Sempre pensei, intimamente, qual seria essa sensação. É como se existisse um cansaço muito grande, em cima dos ombros, e como se ao mesmo tempo existe um vazio no tempo e no espaço. É como se o vazio doesse, e ele dói. Não é só a dor da perda, que por si só é bem devastadora. É a dor da ausência que vai ficar pra sempre... A falta que aquela pessoa vai fazer, principalmente nas coisas que ela fazia tão bem. A falta em ser uma referência, a falta em dar tantos conselhos, a falta dos puxões de orelha, a falta da mão estendida, a falta do carinho acolhedor e do exemplo, a falta dos ouvidos sempre ávidos pelas ultimas notícias, a falta do diálogo... A falta que ela vai fazer em ser um grande suporte, um apoio. O buraco de existência que se deixa, quando se vai... pra onde, José?
É como se existisse também um medo desse vazio que fica. Se as pessoas morrem, e essa é a única certeza absoluta das nossas vidas, porque será que não conseguimos nunca, em nenhuma época, em nenhum momento da história, aprender a lidar com essa perda? Porque a morte é tão dolorosa? Porque a existência é tão brutalmente cortada quando perdemos alguém? Porque alguém existe num dia e no outro não existe mais? Porque alguém, que estava internado há tanto tempo, tem de repente uma melhora, nos enche de alegria esperança, nos faz respirar aliviados sem medo do perigo que passou e parte, subitamente, assim numa ligação às 08:00 da manhã em que nos comunicam, alguém, que aquela pessoa deixou de existir, já não é mais nada que não lembranças e infinitas notas de solidariedade e pesar... Porque, entre tantas as coisas que sentimos no mundo, a morte precisa doer tanto?

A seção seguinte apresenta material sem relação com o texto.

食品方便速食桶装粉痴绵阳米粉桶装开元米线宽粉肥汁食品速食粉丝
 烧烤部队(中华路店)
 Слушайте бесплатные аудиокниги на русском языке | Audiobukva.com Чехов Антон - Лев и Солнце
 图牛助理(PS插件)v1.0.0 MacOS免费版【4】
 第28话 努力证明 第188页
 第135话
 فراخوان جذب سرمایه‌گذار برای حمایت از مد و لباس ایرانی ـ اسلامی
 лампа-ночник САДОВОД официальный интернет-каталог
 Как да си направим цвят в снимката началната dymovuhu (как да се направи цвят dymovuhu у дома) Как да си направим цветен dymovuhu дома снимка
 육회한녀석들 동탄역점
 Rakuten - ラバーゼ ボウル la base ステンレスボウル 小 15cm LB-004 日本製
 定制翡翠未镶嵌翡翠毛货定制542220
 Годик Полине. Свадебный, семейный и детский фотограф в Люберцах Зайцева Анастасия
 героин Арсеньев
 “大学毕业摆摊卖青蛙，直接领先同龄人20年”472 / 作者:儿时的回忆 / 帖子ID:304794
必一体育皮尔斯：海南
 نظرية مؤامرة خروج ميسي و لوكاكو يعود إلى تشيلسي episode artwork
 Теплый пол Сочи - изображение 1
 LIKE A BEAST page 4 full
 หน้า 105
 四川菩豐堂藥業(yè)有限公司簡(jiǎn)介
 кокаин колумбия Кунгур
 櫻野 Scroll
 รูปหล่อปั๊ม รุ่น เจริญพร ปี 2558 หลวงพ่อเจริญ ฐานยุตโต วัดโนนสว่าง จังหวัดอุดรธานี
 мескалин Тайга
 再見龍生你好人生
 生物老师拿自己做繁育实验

Estive pensando que deveria ter sido mais. A última vez que fui visitar Edmundo segurei sua mão bem forte, passei a mão nos seus cabelos e o escutei dizendo que sentia a pior dor do mundo. Eu prometi que ele ia ficar bem, prometi que logo iria pra casa e que aquilo ia ficar para trás. Também contei que havia voltado a militar na nossa organização - e percebi que não poderia ter deixado-o mais orgulhoso, principalmente quando comentou comigo suas preocupações e quando percebemos que tinhamos muitas em comum e que eu me importava. Me importava com isso, com ele, com aqueles problemas, e que eu faria o possível para vencê-los. Ele dividiu comigo uma preocupação que me cortou o coração: não queria que o tivesse conhecido naquele estado, já velho e cheio de limitações para militar. Não fazia sentido, na minha cabeça eu conhecia uma pessoa maravilhosa, um exemplo de luta, um amigo cheio de energia e simplesmente brilhante. E queria falar isso pra ele, queria com todas as forças que ele soubesse que, do fundo do meu coração, todos os momentos em que estivemos juntos aprendi infinitas coisas e não sei se consegui e isso, de certa forma, machuca. É o vazio, é a incerteza que jamais vai ter solução. É o talvez não tenha dito o suficiente, ou demonstrado... Ou devia ter conseguido ir visitá-lo de novo, a despedida não existe. A partida vem como uma bomba, vem do nada, talvez aguda...
“Afinal, existem tantas coisas frágeis. Pessoas se despedaçam tão facilmente, sonhos e corações também”.